The laboratories are maze-like, weaving in and out several adjoined rooms, which used to be many different classrooms, San Diego State biology professor Mark Sussman said. Throughout the years he has transformed and “gobbled up” these classrooms for his cardiovascular research.
The Integrated Regenerative Research Institute opened in November, but has been in the making for approximately 10 years, according to Sussman. He explained his journey into cardiovascular research as a series of events impacting his personal life during a approximately 25-year time span.
“It was one of those situations of being in the right place in the right time and something happens and you get carried along by the current,” Sussman said.
Sussman currently has approximately 40 students working for the institute. SDSU biology alumna Anya Joyo and Lucy Ornachea worked together to create a virus to test the effects of specific genes on the heart.
Most of these students are biology majors, although their level of education varies from undergraduate to post-doctorate. The institute has an annual operating budget of about $1.5 million, which is provided by the National Institutes of Health.
The institute is working to create other options for individuals with heart problems, particularly the use of stem cells to heal a damaged heart. While the heart is capable of generating new cells and growing, it does this throughout many years, Sussman said.

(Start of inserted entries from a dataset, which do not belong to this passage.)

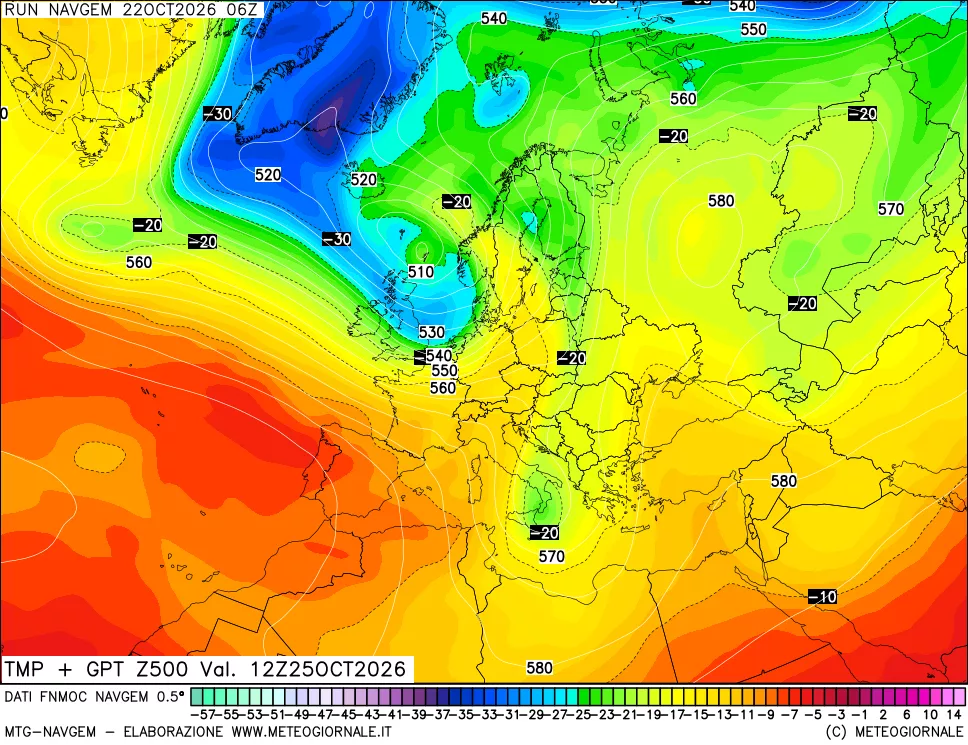 mappa Temperatura e Geopotenziali a 500 hPa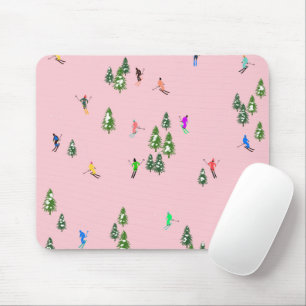 Pink Skiers Ski Opening Christmas Skiing Holiday Mouse Mat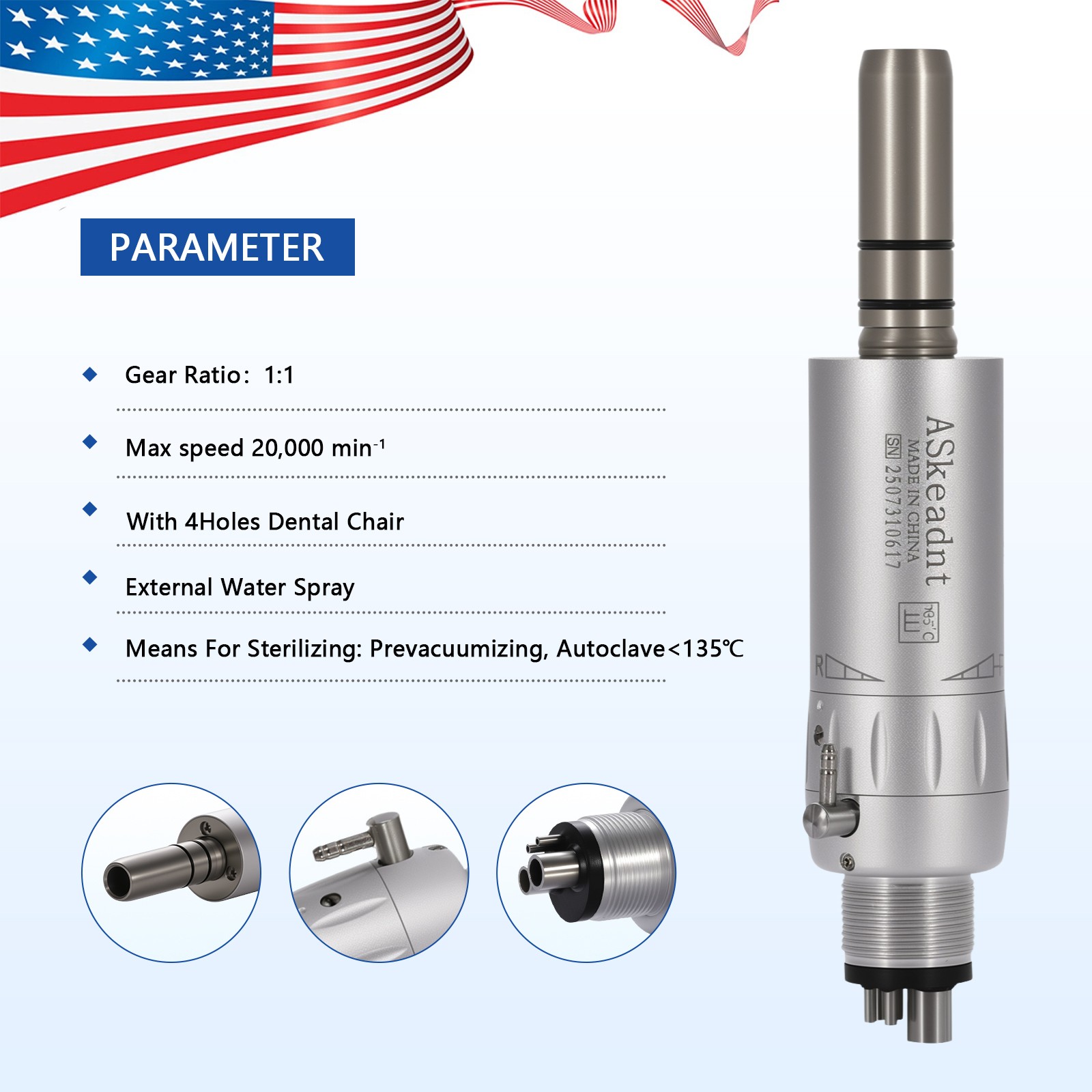 5X ASkeadnt Dental Slow Low Speed Handpiece Air Motor E-type 4 Holes AS Y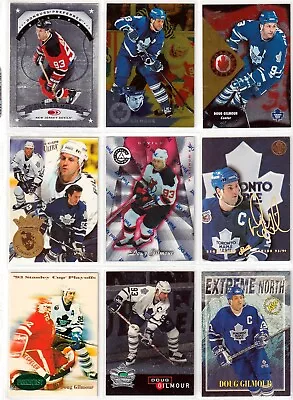 Doug Gilmour NINE (9) INSERT CARDS LOT (C) - Toronto Maple Leafs / Devils • $9.99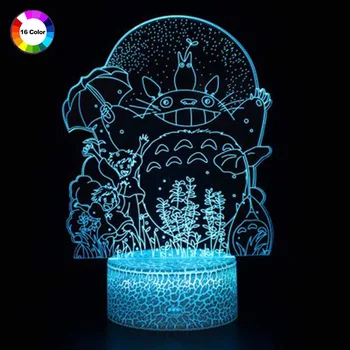 

3D Lamp Illusion Flash Night Light Remote Control My Neighbor Studio Ghibli Totoro Theme 16 Colors Change LED Night Table Lamp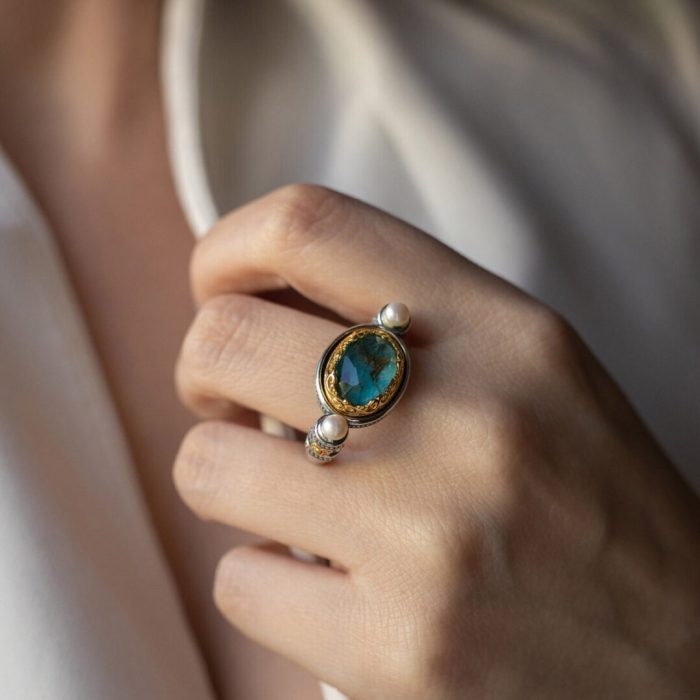 Byzantine Ring with Amazonite Doublet Stone - 925 Sterling Silver Gold Plated - Image 2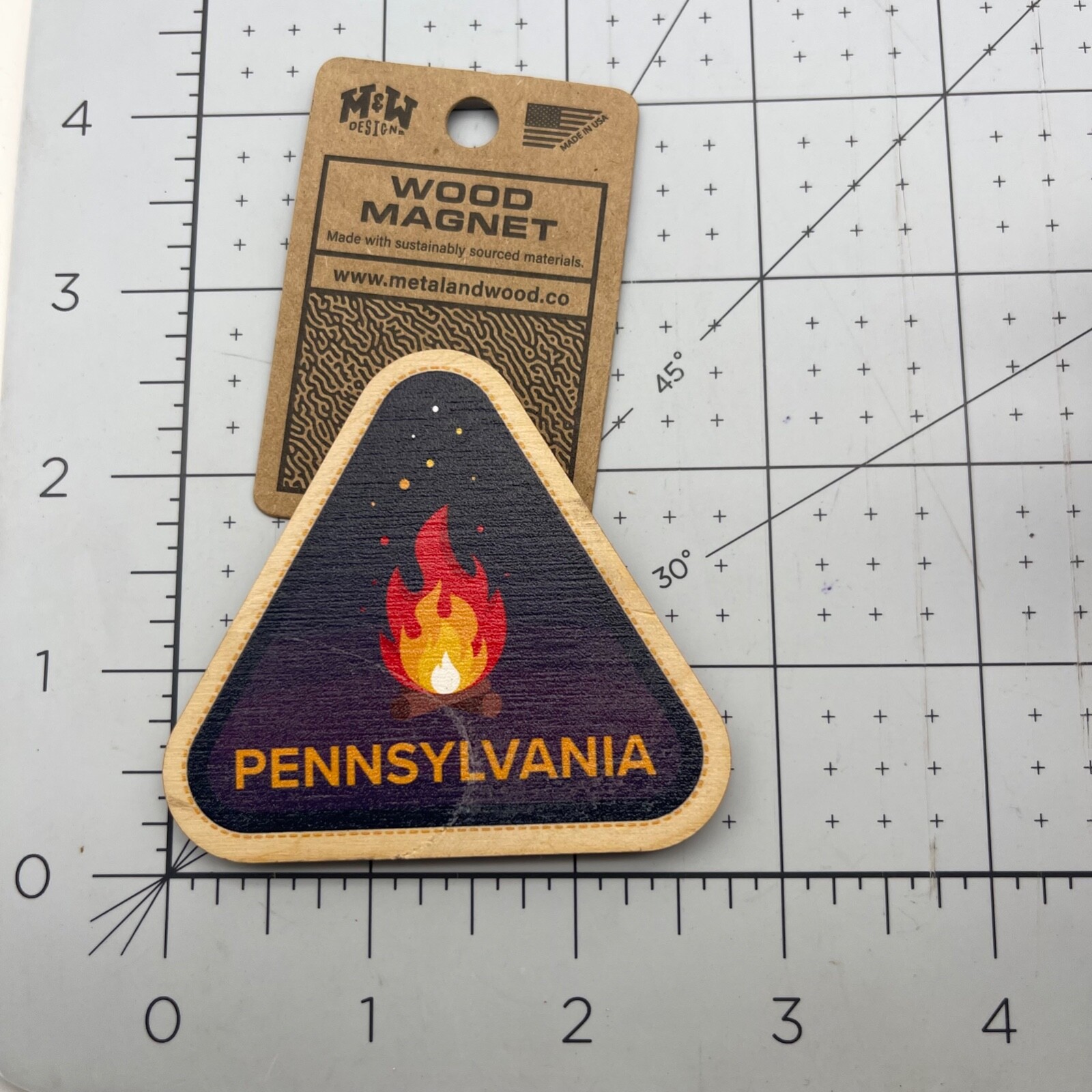 Metal and Wood Co Wood Magnet Travel Swood Pennsylvania PA Camp Fire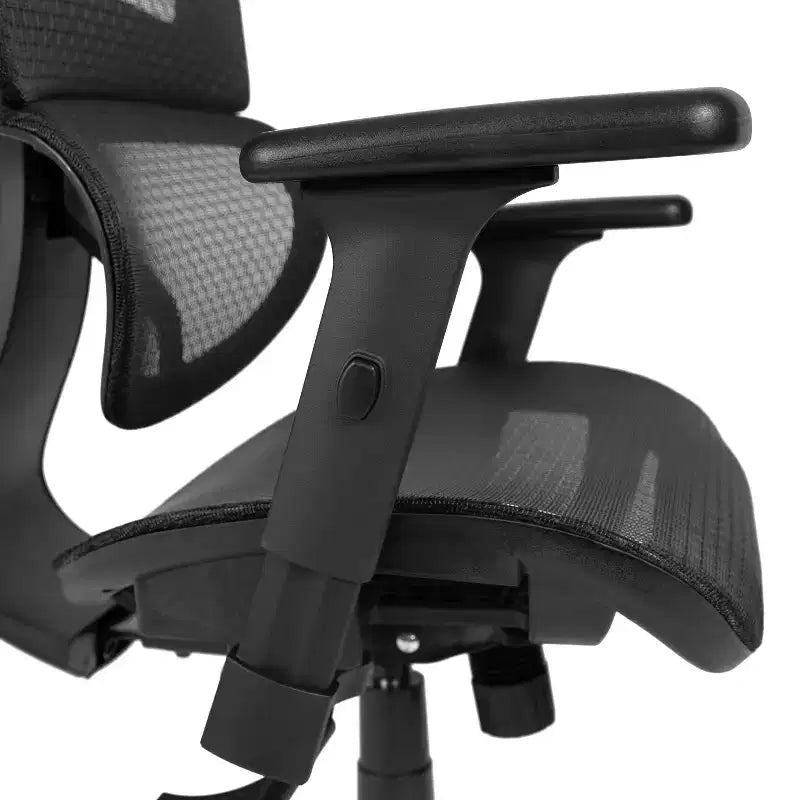 Sedia da ufficio ergonomica in rete con schienale alto – Meccanismo sincrono, poggiatesta, braccioli regolabili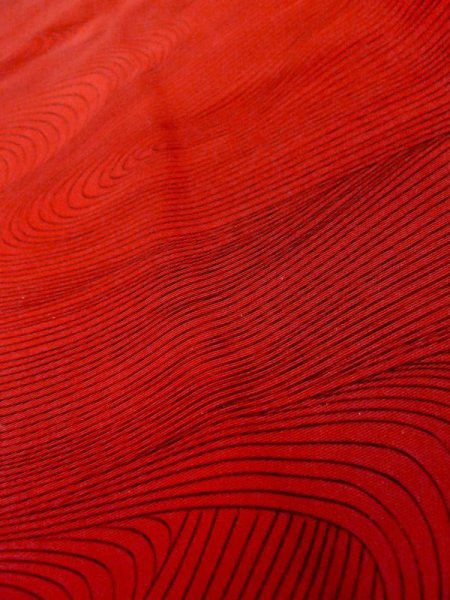 Photo9: M0627A Used Japanese women  Red HAORI short jacket / Silk. Gradation, Mixture of synthetic fibers and patching in the lining.  (Grade B) (9)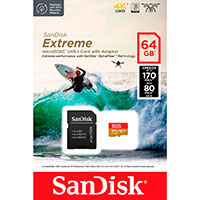 SanDisk Extreme Micro SDXC Kort m/Adapter 64GB V30 A2 (UHS-I)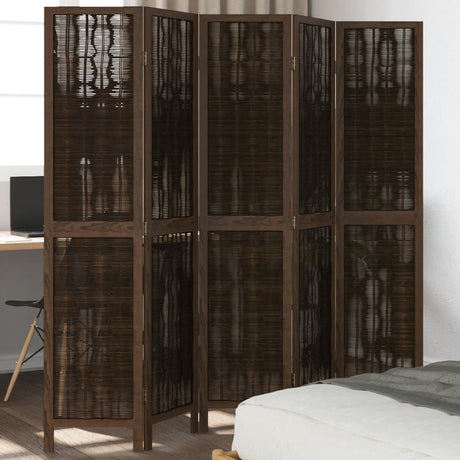 Room Divider 3 Panels Dark Brown Solid Wood Paulownia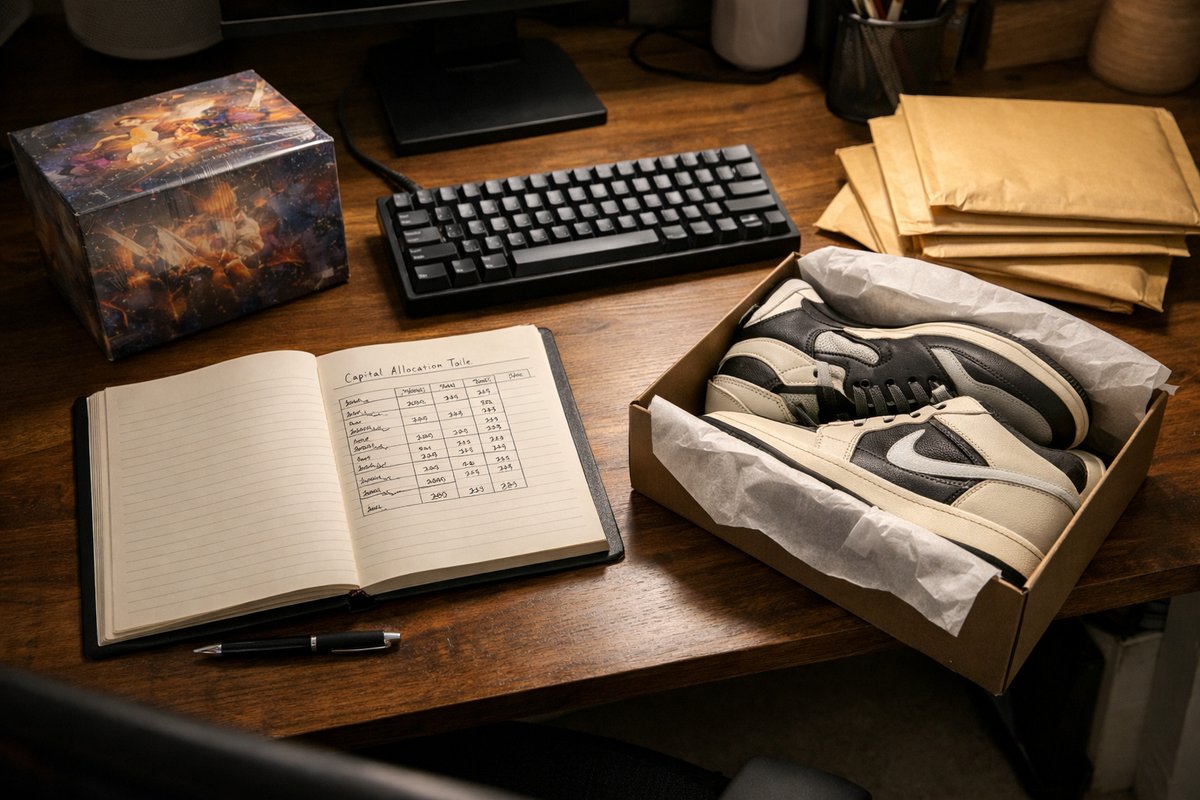 UK reseller's desk with sealed Pokemon box, boxed sneakers, and handwritten capital allocation notes for Q4 drop season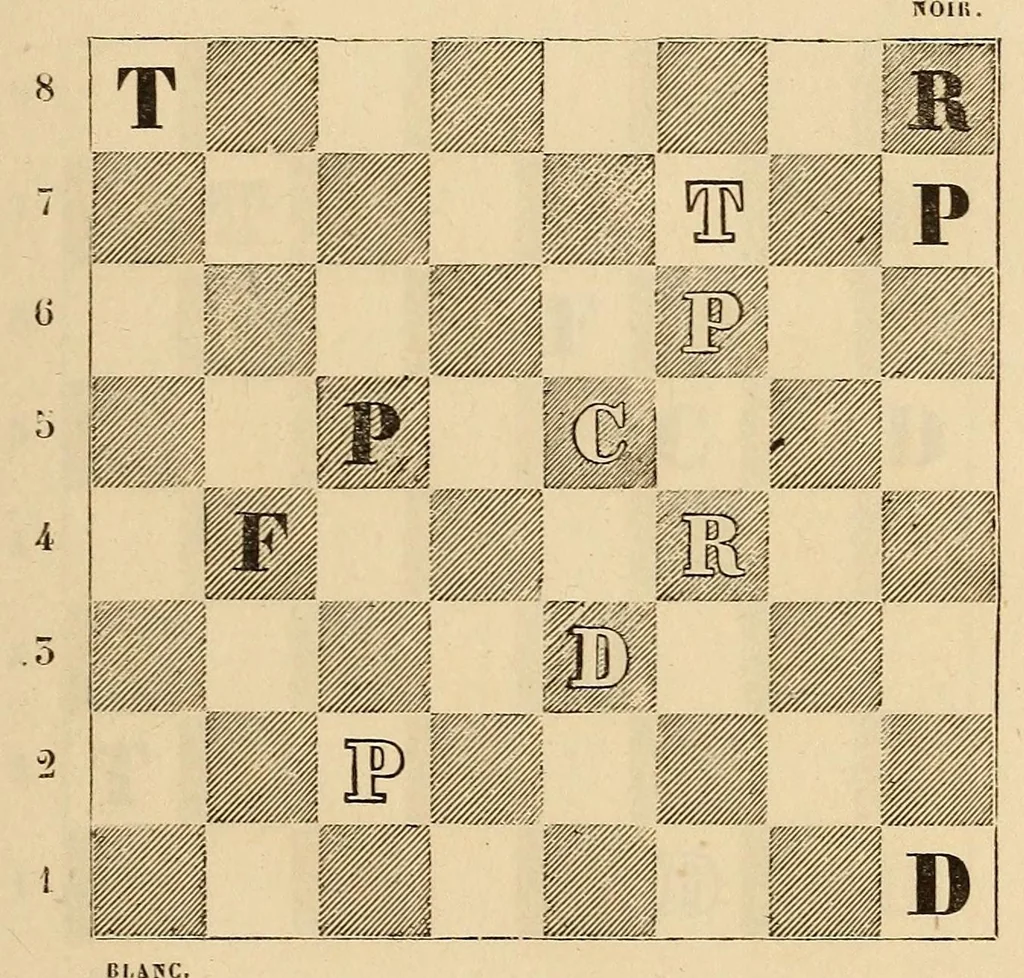 An illustration from Nouveau traité du jeu des échecs, 1842, leaf 295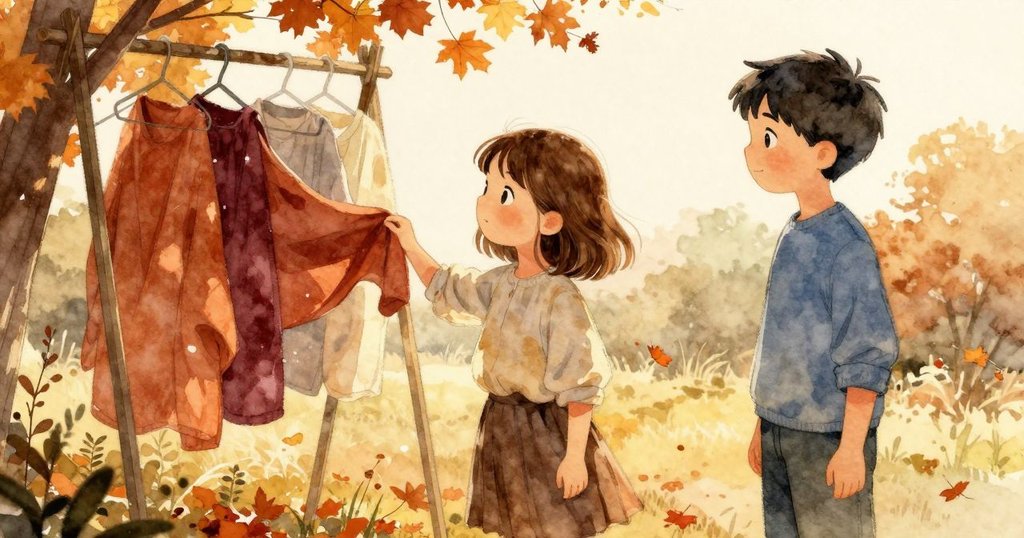 掛在架上染布隨秋風輕揚，背景有金黃和橘紅落葉，展現溫暖季節轉變的畫面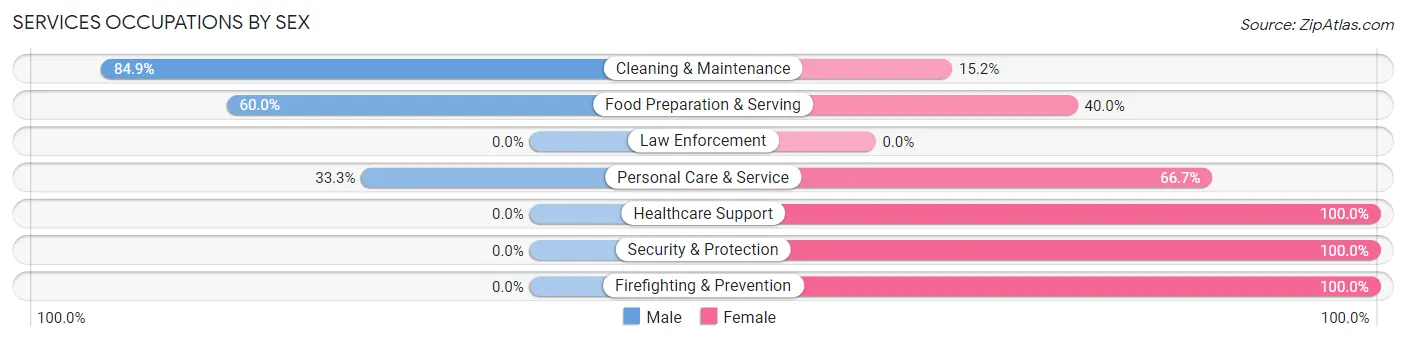 Services Occupations by Sex in Lanesboro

“When I was your age, we were taught that your heart and your brain and some other things in your body didn’t grow back—that once they got damaged, that was it,” Sussman said.
The main goal for Sussman, along with others in the institute, is to discover a way to shorten this healing process from years to weeks. The implications of this research could lead to more options for those suffering with heart disease, which, as Sussman explained, are limited with current resources.
“You really only have two choices, one of which is a heart transplant and the other possibility is a mechanical pump, which is called an assist device,” Sussman said. “You can’t live with that forever. It’s just something they put into you to keep you alive while hopefully a donor heart shows up.”
According to the Centers for Disease Control and Prevention, cardiovascular disease is the leading cause of death in the U.S. The possibility of Sussman and his team discovering new methods for treating a damaged heart could thus affect millions of people every year.